According to a WHO report published in 2022, Indian people spend 53% of the total expenditure on health in the country, (which includes the cost of infrastructures, instruments, medicines, payment for doctors and staffs) from their own pocket! Every year, 5.5 crore people in our country are pushed into poverty because of the huge unavoidable expenditure on health.

Public Health Care Infrastructure

The number of health subcentres, primary health centres (PHCs) and community health centres (CHCs) is highly inadequate

The Rural Health Statistics (RHS) 2021 released by Central government itself showed that, the shortage of doctors in CHCs has risen from 45% in 2005 to 80% in 2021; there is a 7% shortfall of doctors at Primary Health Centres (PHC). Almost two-third of the country's population resides in rural areas but only 33% of the total health workers and 27% doctors are available in rural areas. Instead of strengthening public health infrastructure, the government is resorting to privatisation of PHCs, CHCs etc through the PPP route. Is it not a crime on people?

In July 2022, the government said in Lokasabha that it was setting up 22 new All India Institutes of Medical Sciences under the Pradhan Mantri Swasthya Suraksha Yojana. As of now, only seven AIIMS are fully functioning in the country – one is the first AIIMS established in Delhi in 1956; the other six were set up under the UPA regime.

Increasing Cost of Medicines

The first National Drug Policy based on the Hathi Committee’s recommendations was aimed at providing medicines at affordable prices. This was revised several times and diluted since the advent of neoliberal policies. The Modi government has changed the very concept of cost based pricing of medicines to market based pricing. Medicine prices are fixed at average market prices of high profile branded products having more than 1% market share and allowed to freely increase their prices by 10% every year. Medicines are subjected to high taxes, based on retail prices and not on production cost. Retail prices are often 100% to 500% more than the production costs. It has also removed the States’ option of free Sales Tax on medicines. 

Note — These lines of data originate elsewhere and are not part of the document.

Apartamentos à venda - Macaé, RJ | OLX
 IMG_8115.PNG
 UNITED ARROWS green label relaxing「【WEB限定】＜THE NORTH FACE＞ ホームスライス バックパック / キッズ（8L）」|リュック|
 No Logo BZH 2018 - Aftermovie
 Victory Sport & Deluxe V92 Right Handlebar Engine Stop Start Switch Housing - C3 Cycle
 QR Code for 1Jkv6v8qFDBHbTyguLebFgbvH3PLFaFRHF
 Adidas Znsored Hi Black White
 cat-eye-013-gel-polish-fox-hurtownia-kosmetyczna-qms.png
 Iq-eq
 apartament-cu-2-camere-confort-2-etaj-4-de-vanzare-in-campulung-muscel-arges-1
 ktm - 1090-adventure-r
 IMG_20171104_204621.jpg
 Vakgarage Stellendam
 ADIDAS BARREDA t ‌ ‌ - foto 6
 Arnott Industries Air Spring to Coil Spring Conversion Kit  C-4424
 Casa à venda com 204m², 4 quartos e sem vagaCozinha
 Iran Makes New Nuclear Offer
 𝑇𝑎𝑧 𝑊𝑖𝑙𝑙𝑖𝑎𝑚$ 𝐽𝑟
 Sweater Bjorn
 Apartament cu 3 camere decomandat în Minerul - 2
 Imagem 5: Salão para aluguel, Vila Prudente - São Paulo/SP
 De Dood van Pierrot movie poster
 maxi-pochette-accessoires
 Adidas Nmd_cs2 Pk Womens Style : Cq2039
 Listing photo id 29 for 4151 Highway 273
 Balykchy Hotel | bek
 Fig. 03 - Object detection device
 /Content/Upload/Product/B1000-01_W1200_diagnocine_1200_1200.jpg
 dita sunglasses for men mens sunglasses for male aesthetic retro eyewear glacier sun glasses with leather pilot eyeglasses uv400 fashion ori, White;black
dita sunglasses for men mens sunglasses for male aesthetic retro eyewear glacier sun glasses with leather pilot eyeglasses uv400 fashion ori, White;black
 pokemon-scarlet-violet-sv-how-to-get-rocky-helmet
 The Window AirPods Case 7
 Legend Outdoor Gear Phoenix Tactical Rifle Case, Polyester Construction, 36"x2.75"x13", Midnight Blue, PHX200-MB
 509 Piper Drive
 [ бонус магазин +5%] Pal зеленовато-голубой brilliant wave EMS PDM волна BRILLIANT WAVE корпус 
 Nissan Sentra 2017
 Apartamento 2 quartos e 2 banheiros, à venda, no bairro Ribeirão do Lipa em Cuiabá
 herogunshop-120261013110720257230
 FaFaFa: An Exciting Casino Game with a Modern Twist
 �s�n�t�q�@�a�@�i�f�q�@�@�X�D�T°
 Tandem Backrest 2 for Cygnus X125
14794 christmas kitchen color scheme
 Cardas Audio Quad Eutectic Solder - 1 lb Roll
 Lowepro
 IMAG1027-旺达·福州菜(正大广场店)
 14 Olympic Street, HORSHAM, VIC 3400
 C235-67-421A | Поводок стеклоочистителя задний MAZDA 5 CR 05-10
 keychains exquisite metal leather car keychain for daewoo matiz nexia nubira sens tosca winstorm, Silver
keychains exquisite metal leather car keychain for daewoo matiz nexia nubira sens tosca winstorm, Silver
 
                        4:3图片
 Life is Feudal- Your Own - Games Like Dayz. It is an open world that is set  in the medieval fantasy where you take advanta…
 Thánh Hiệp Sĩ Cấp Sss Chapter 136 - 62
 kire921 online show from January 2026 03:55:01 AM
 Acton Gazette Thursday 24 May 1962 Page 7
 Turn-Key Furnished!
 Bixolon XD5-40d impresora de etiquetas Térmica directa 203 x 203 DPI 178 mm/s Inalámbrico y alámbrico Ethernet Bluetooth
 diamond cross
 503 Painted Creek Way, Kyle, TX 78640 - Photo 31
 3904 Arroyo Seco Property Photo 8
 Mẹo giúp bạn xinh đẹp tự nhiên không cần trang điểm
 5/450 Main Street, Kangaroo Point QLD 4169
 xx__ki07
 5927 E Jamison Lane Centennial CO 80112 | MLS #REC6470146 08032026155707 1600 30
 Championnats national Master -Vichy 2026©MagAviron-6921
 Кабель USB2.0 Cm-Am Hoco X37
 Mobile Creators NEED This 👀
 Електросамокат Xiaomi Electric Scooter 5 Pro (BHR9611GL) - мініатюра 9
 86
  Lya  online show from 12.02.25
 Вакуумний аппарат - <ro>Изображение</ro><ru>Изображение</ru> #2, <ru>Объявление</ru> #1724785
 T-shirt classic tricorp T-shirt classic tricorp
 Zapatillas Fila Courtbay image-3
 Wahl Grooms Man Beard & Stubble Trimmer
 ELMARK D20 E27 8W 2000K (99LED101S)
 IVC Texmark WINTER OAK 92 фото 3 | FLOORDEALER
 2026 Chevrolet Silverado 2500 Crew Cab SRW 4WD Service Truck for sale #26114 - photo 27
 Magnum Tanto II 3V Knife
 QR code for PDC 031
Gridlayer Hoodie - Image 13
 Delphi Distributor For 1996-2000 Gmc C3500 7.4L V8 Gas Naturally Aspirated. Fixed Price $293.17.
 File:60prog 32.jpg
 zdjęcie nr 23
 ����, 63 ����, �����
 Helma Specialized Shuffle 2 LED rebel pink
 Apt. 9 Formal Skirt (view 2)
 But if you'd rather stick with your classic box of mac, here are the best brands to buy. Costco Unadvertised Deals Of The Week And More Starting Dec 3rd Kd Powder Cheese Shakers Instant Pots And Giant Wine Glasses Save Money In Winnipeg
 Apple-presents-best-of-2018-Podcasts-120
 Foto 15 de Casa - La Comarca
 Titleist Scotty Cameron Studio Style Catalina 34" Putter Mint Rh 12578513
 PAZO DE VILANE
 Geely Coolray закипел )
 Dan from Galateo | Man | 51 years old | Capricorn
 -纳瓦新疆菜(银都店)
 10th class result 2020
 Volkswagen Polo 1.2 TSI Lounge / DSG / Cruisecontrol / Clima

Disastrous Response to Covid Pandemic

In the initial phase, the Modi government, instead of promoting scientific approach to the pandemic among the people resorted to gimmicks and utterly unscientific calls like beating of plates, putting lights on and off etc. It failed to strengthen the health infrastructure before the second wave of Covid struck. As a result, thousands of people died due to lack of oxygen and hospital beds. The images of people dying on pavements outside hospitals as hospital beds were still alive in our minds, of bodies floating on rivers as people could not afford cremation, can never be forgotten.  And in that process,  seven new billionaires in the healthcare and Pharma business has emerged in our country.

Health is a basic need of the people and it is the responsibility of any elected government to ensure universal free health care for all its citizens. The corporate communal nexus represented by the Modi government has not only totally neglected this responsibility; it has made a lucrative business for the private health-tycoons; it has been promoting unscientific thinking, making false claims and spreading lies. This BJP government led by Modi must be defeated to strengthen united struggles for universal free health care 

Use your vote! Decisively defeat the BJP and its allies! Strengthen the Left in the 18th Parliament!